*** Begin section ***

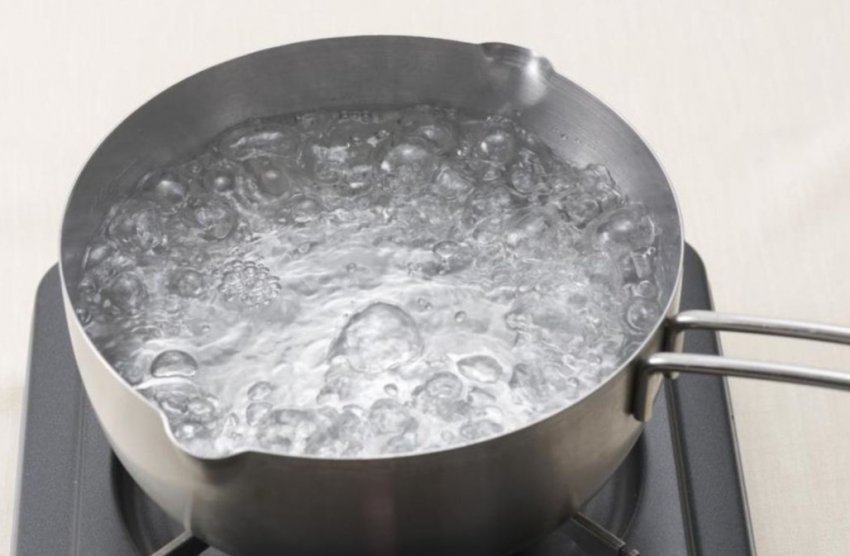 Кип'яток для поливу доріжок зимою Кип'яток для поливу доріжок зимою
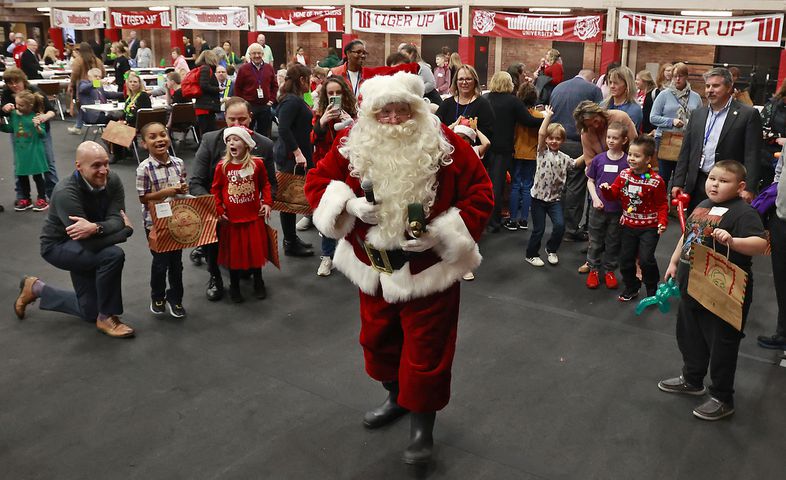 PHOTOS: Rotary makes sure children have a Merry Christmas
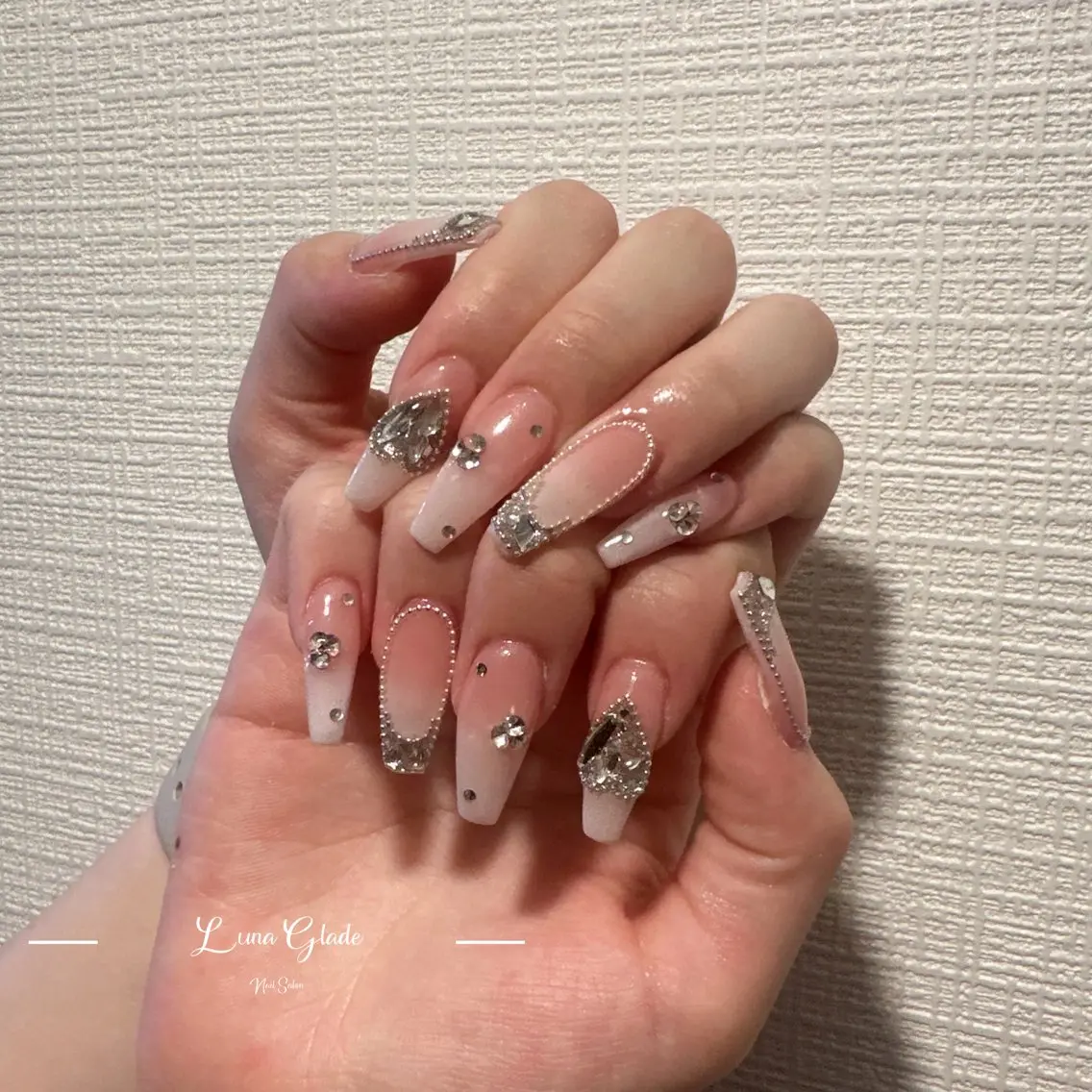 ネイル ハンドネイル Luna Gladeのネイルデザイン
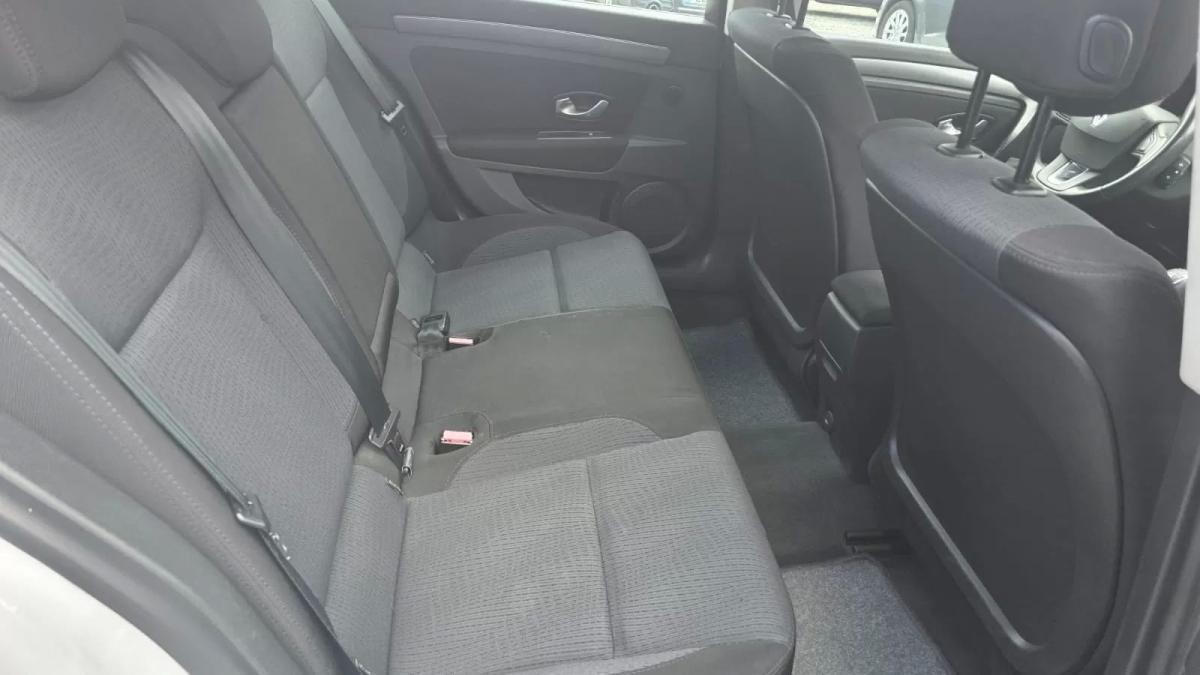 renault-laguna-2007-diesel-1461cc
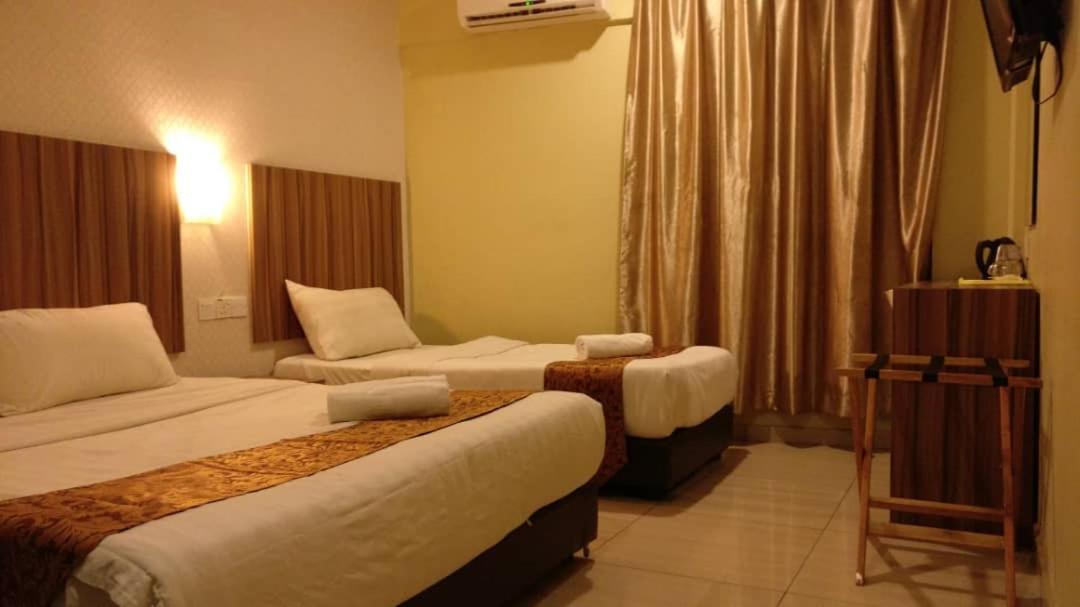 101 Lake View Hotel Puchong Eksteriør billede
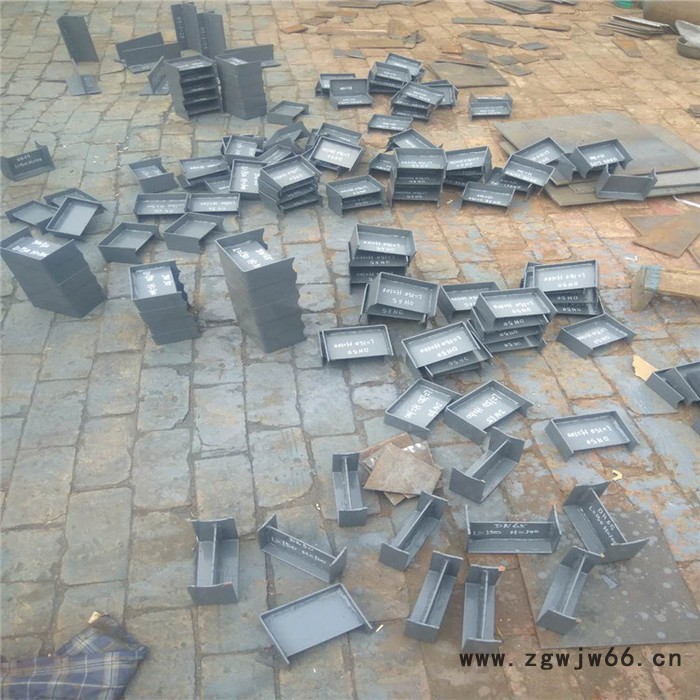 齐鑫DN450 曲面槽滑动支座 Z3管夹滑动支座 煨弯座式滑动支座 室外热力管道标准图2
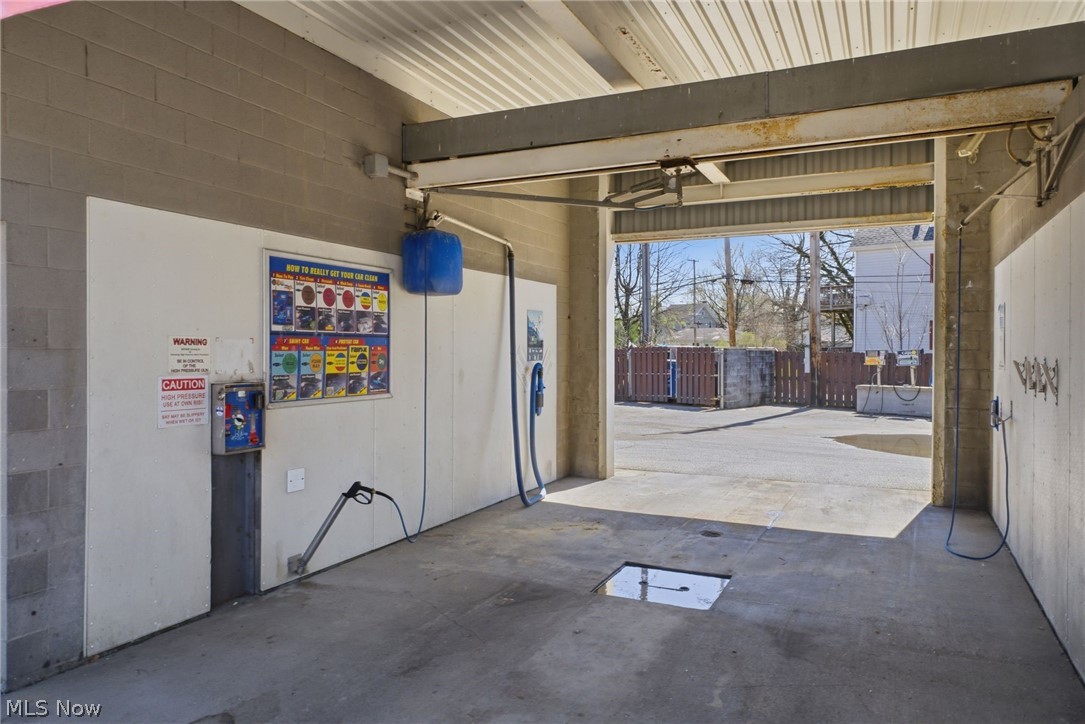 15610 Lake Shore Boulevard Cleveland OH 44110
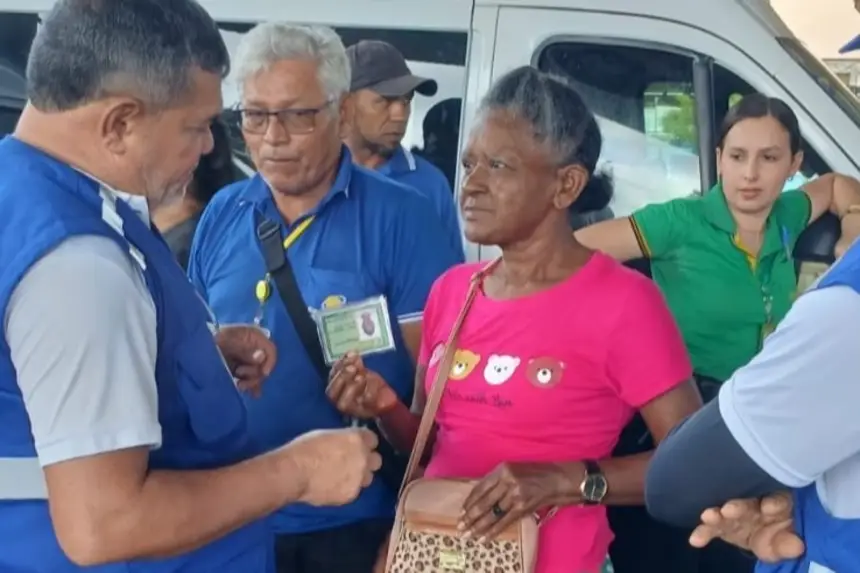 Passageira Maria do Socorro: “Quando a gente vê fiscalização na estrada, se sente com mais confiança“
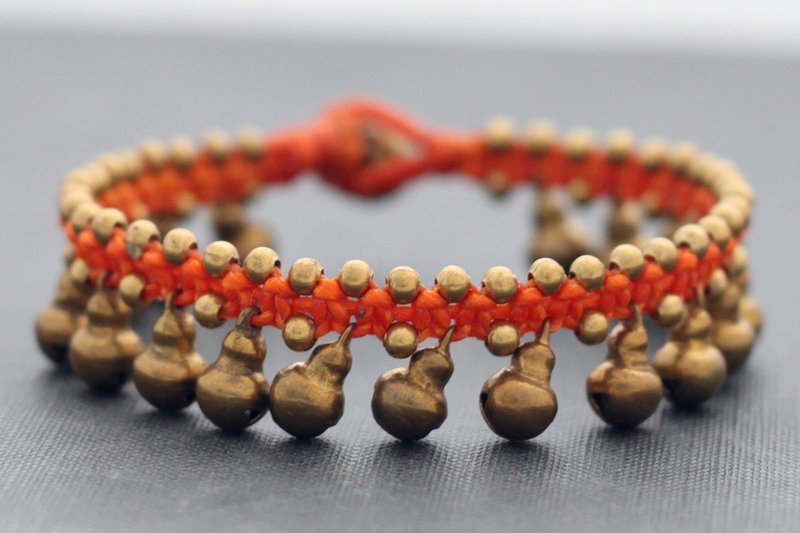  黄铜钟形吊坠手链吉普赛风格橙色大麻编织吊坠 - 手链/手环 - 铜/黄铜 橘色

*** End section ***

EXERCISE GOAL - Strip the images and return the remaining data exactly.

RESULT -
 Кип'яток для поливу доріжок зимою Кип'яток для поливу доріжок зимою
 PHOTOS: Rotary makes sure children have a Merry Christmas
 ネイル ハンドネイル Luna Gladeのネイルデザイン
 renault-laguna-2007-diesel-1461cc
 101 Lake View Hotel Puchong Eksteriør billede
 齐鑫DN450 曲面槽滑动支座 Z3管夹滑动支座 煨弯座式滑动支座 室外热力管道标准图2
 15610 Lake Shore Boulevard Cleveland OH 44110
 Passageira Maria do Socorro: “Quando a gente vê fiscalização na estrada, se sente com mais confiança“
  黄铜钟形吊坠手链吉普赛风格橙色大麻编织吊坠 - 手链/手环 - 铜/黄铜 橘色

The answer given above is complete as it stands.